**ABOUT THIS EXERCISE**
Please could you give again the lines from the one holding "Fifth view of" through the final line of the data below, exactly, with no other lines?

ENTRIES SUPPLIED below:

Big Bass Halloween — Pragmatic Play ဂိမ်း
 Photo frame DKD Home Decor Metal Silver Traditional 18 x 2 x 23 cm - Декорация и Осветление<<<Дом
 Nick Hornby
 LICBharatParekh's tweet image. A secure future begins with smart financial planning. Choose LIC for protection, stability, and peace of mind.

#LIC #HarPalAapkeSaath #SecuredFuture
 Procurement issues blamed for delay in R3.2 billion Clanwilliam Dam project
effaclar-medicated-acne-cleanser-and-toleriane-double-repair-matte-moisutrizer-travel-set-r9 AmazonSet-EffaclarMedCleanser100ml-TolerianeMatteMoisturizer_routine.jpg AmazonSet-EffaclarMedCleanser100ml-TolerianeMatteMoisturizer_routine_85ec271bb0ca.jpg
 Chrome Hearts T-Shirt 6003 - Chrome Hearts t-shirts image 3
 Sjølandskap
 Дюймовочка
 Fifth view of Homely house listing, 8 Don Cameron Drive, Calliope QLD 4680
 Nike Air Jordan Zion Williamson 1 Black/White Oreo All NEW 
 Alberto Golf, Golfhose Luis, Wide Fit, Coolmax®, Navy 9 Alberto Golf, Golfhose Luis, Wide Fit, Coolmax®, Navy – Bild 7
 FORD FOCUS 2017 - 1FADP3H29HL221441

End of ENTRIES SUPPLIED.

**ANSWER FOR THE TASK**
 Fifth view of Homely house listing, 8 Don Cameron Drive, Calliope QLD 4680
 Nike Air Jordan Zion Williamson 1 Black/White Oreo All NEW 
 Alberto Golf, Golfhose Luis, Wide Fit, Coolmax®, Navy 9 Alberto Golf, Golfhose Luis, Wide Fit, Coolmax®, Navy – Bild 7
 FORD FOCUS 2017 - 1FADP3H29HL221441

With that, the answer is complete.